### [Your objective]
The expected output is an exact copy of the lines from the one containing "Vinylboden Project Floors" to the final line below, minus any pictures.

### [Material shown]
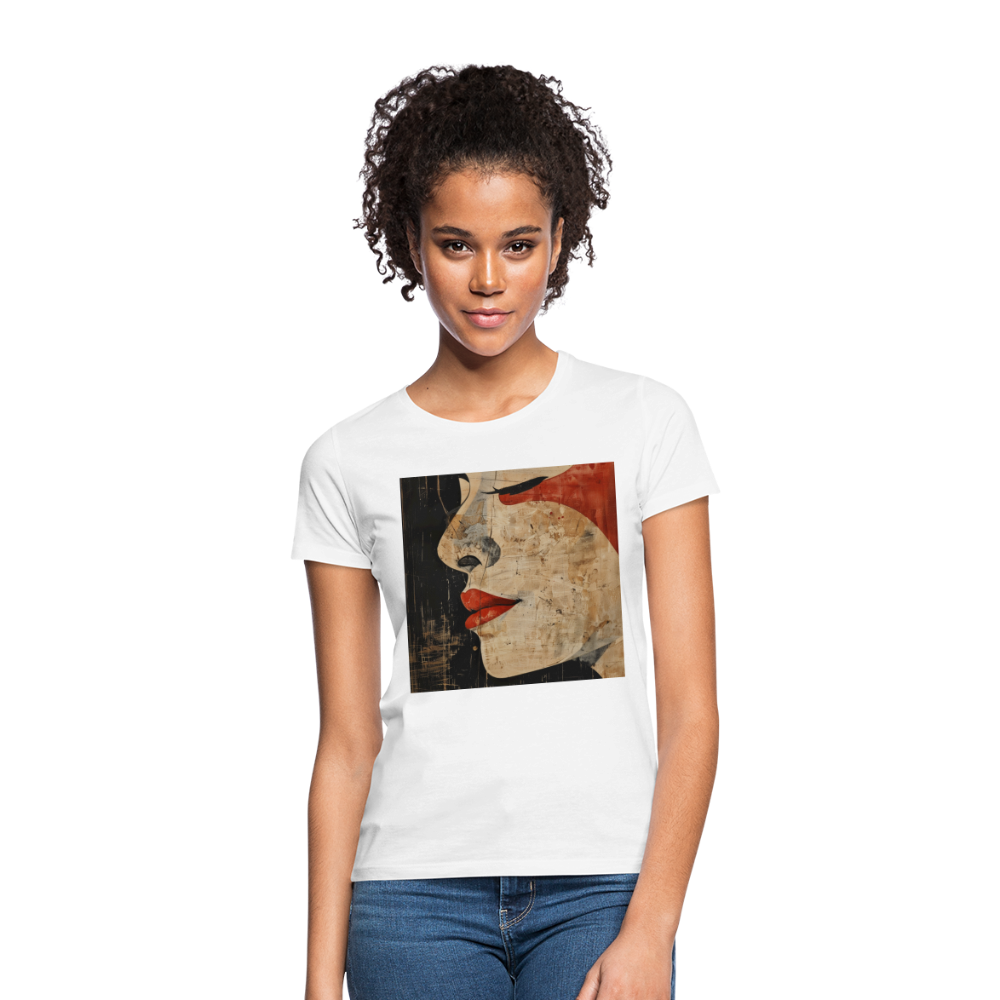 Doften av körsbärsblomning, T-shirt dam - vit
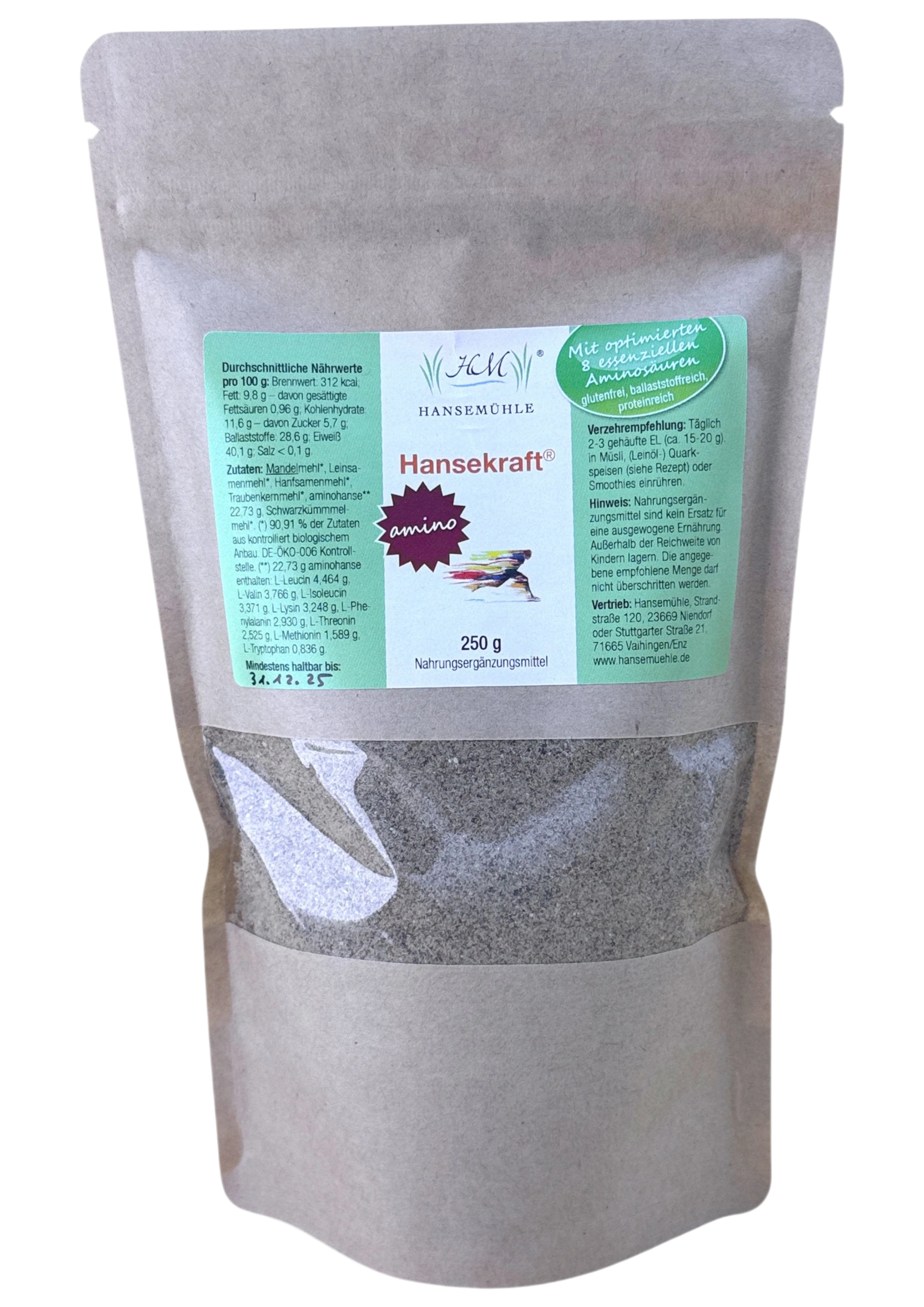 Bio-Hansekraft - amino -vegan & glutenfrei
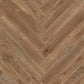 Vinylboden Project Floors floors@work PW 3610 Fischgrät, 457×76 cm, Klebevinyl mit Fischgrätmuster, braun und beige Farbtöne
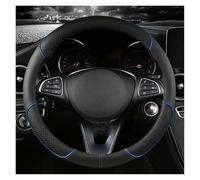 PU Leather Car Steering Wheel Cover For Scenic For Clio For Laguna 2 3 4 5 For Kangoo For Fluence For Megane For Trafic Car Steering Wheel Cover(O shape Blue)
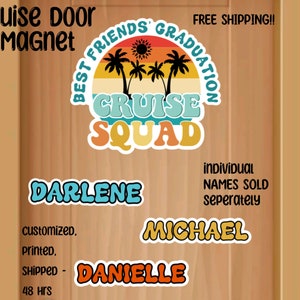 Cruise Squad Custom Door Magnets, Personalized Cruise Ship Magnets,  Family Cruise Door Magnets, Carnival Cruise Duck Tags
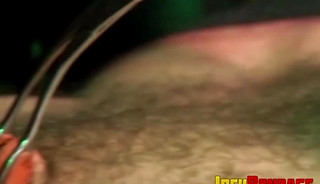 Submissive young man moans as he is gagged and tied up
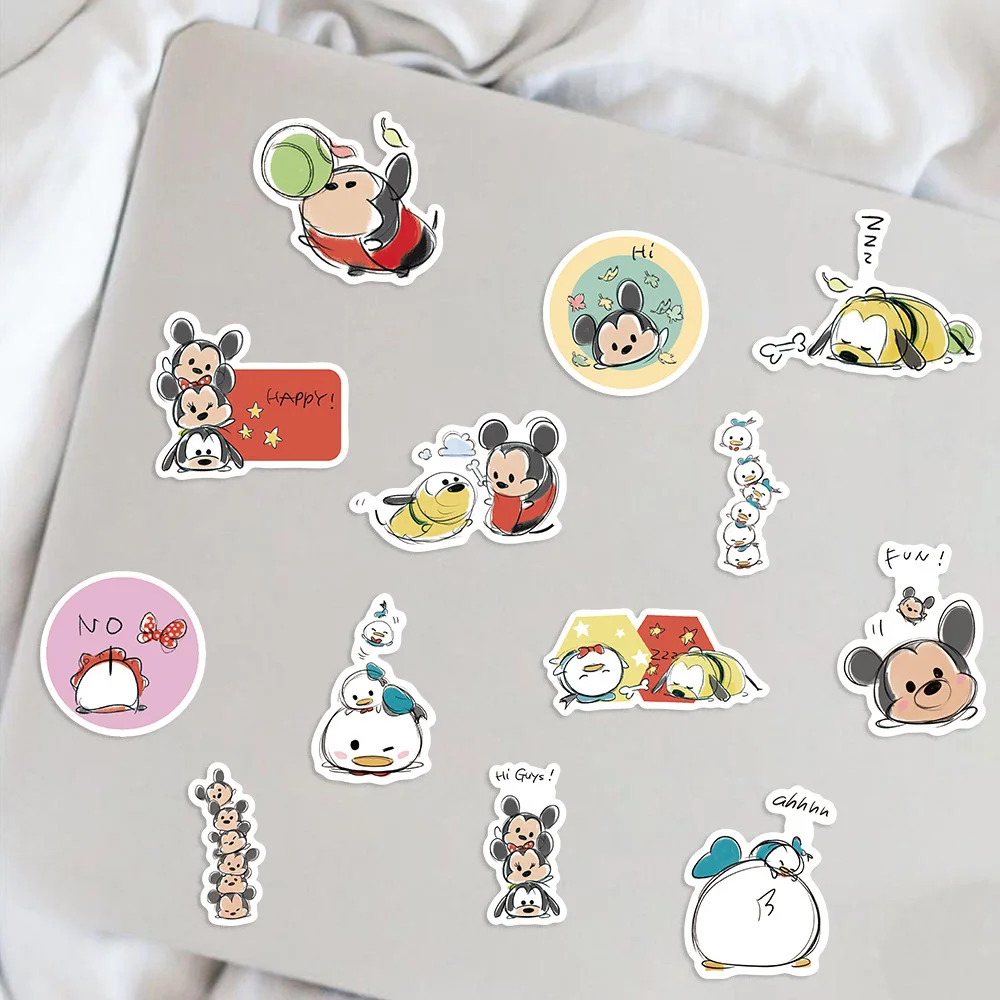 10/30/50pcs Disney Tsum Tsum Mickey Mouse Stickers Cute Cartoon Kid Sticker Toy Laptop Guitar Phone Funny Anime Graffiti Decals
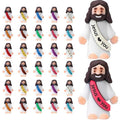 30PCS Little Jesus Figures, Mini Jesus Figurines in Bulk, Multicolor Tiny Jesus Figures, Miniature Figurines to Hide and Seek Religious Gifts for Easter Egg Stuffers (30PC)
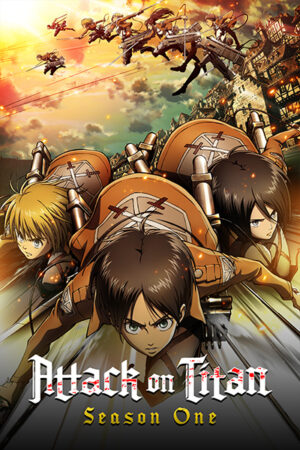 Attack On Titan Monster Charge Poster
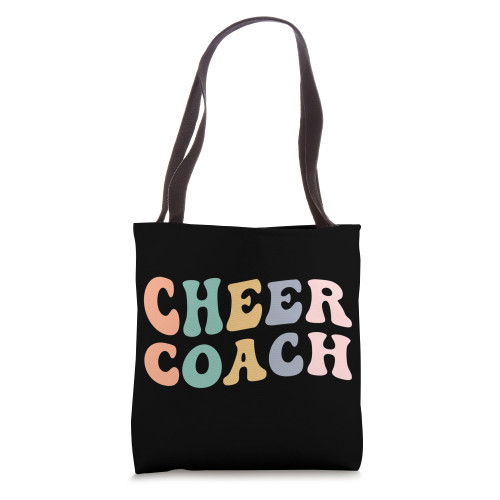 Groovy Cheer Coach Cheerleading Coach Cheerleader Coach Tote Bag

### [Answer space]
 Vinylboden Project Floors floors@work PW 3610 Fischgrät, 457×76 cm, Klebevinyl mit Fischgrätmuster, braun und beige Farbtöne
 PU Leather Car Steering Wheel Cover For Scenic For Clio For Laguna 2 3 4 5 For Kangoo For Fluence For Megane For Trafic Car Steering Wheel Cover(O shape Blue)
 Cruise Squad Custom Door Magnets, Personalized Cruise Ship Magnets,  Family Cruise Door Magnets, Carnival Cruise Duck Tags
 Submissive young man moans as he is gagged and tied up
 10/30/50pcs Disney Tsum Tsum Mickey Mouse Stickers Cute Cartoon Kid Sticker Toy Laptop Guitar Phone Funny Anime Graffiti Decals
 30PCS Little Jesus Figures, Mini Jesus Figurines in Bulk, Multicolor Tiny Jesus Figures, Miniature Figurines to Hide and Seek Religious Gifts for Easter Egg Stuffers (30PC)
 Attack On Titan Monster Charge Poster
 Groovy Cheer Coach Cheerleading Coach Cheerleader Coach Tote Bag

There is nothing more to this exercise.